Best practices for more accurate estimates
- Pull your actual AGI from your most recent tax return.
- Use your real weighted average loan interest rate from your servicer or Federal Student Aid account.
- Model at least two scenarios, one conservative and one optimistic.
- Revisit the estimate after major life changes like marriage, children, or a salary increase.
- Compare the estimate with official servicer data before making repayment decisions.

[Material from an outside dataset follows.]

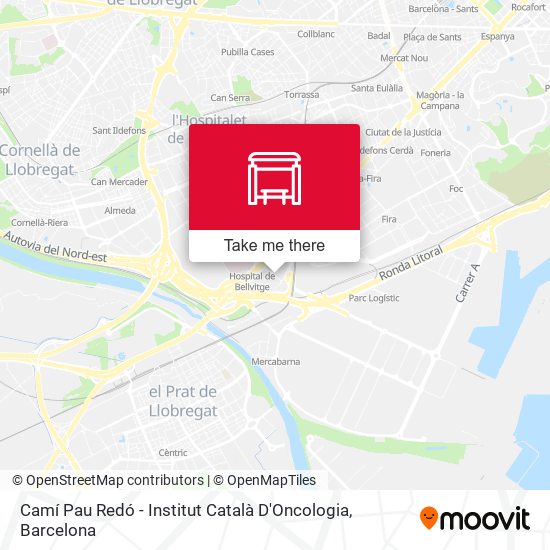Camí Pau Redó - Institut Català D'Oncologia map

Authoritative sources for verification:
Final takeaway
A federal REPAYE calculator is most useful when you treat it as a decision-support tool rather than a final legal or servicing document. It helps you estimate what monthly payments may have looked like under the REPAYE framework, how much discretionary income was protected by federal poverty rules, how long repayment may have lasted, and whether your balance might have grown or eventually qualified for forgiveness.
For borrowers with complex student loan profiles, especially those with graduate debt or variable income, these projections can be powerful. They can guide budgeting, repayment strategy, tax planning, and even career choices. The most important thing is to use good data, understand the assumptions, and compare the estimate with official federal resources. When used that way, a premium federal REPAYE calculator becomes far more than a simple payment widget. It becomes a financial planning lens for one of the most important debt categories many households carry.